EXERCISE PROMPT:
Exactly repeat all the records below, omitting the images they hold.

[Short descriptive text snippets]
____________

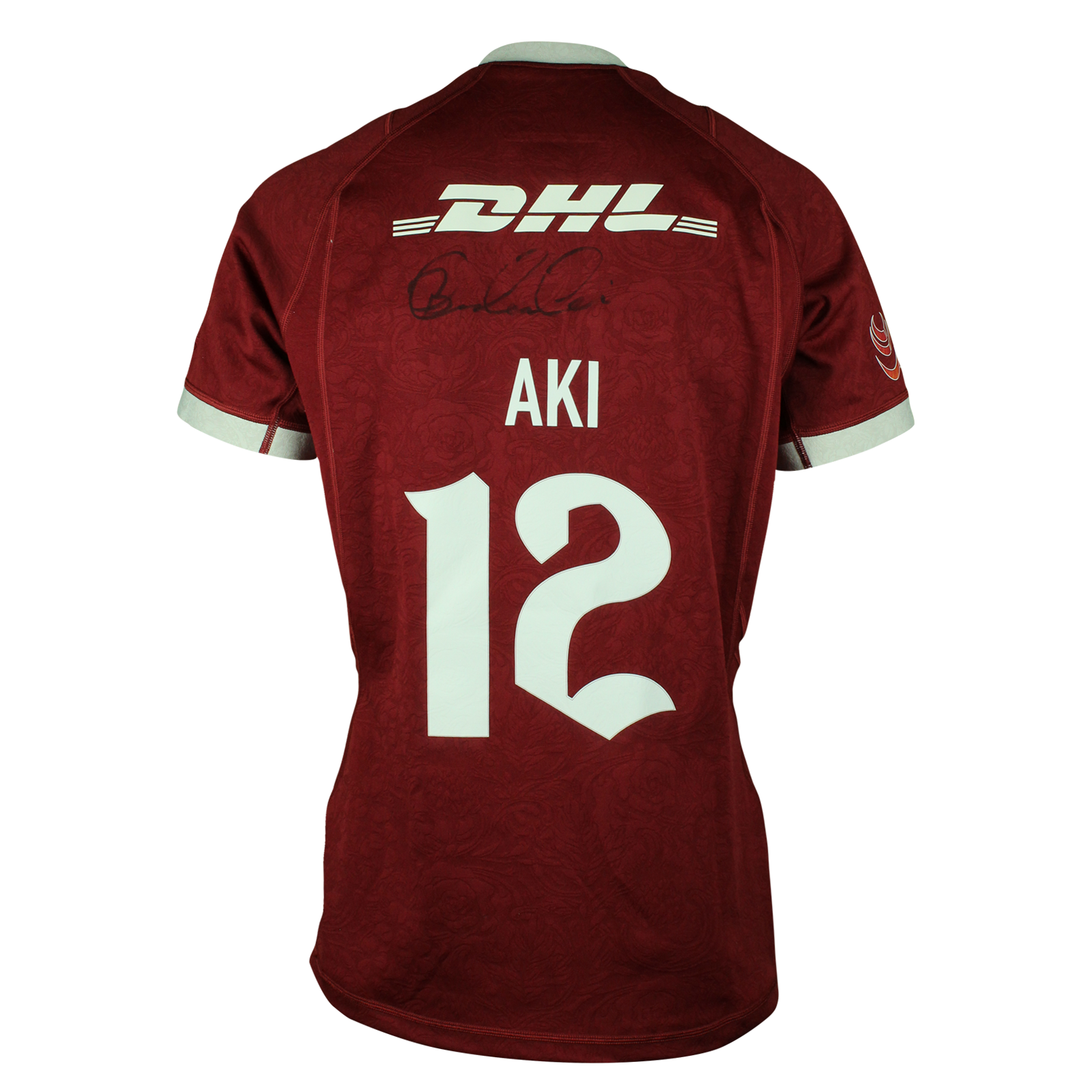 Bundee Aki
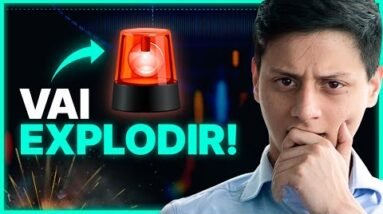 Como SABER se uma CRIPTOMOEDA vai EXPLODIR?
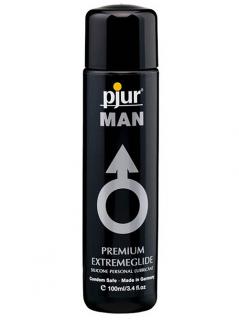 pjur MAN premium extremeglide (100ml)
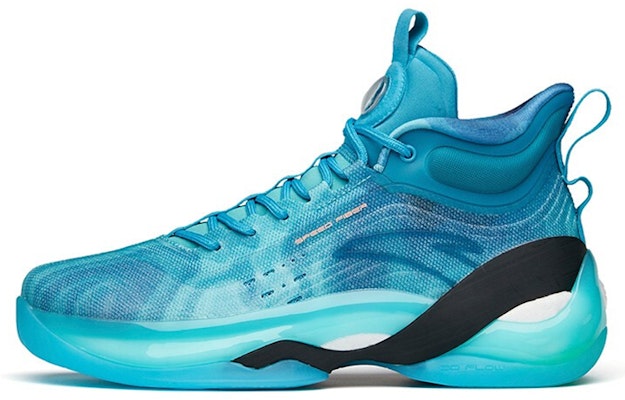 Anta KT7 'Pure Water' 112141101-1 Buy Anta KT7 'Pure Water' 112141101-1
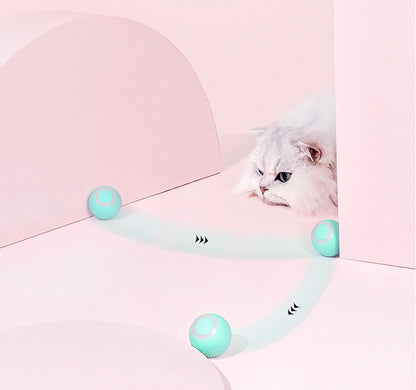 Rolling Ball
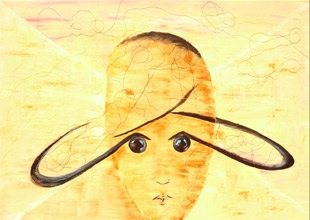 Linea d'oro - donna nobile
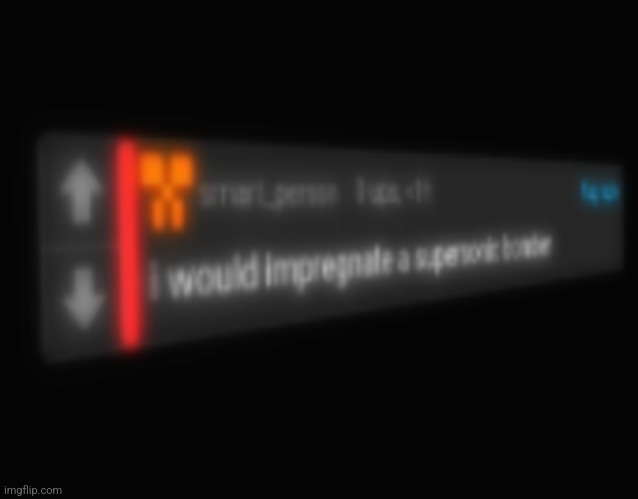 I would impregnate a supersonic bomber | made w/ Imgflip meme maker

____________

RESPONSE TO THIS EXERCISE:
 Bundee Aki
 Como SABER se uma CRIPTOMOEDA vai EXPLODIR?
 pjur MAN premium extremeglide (100ml)
 Anta KT7 'Pure Water' 112141101-1 Buy Anta KT7 'Pure Water' 112141101-1
 Rolling Ball
 Linea d'oro - donna nobile
 I would impregnate a supersonic bomber | made w/ Imgflip meme maker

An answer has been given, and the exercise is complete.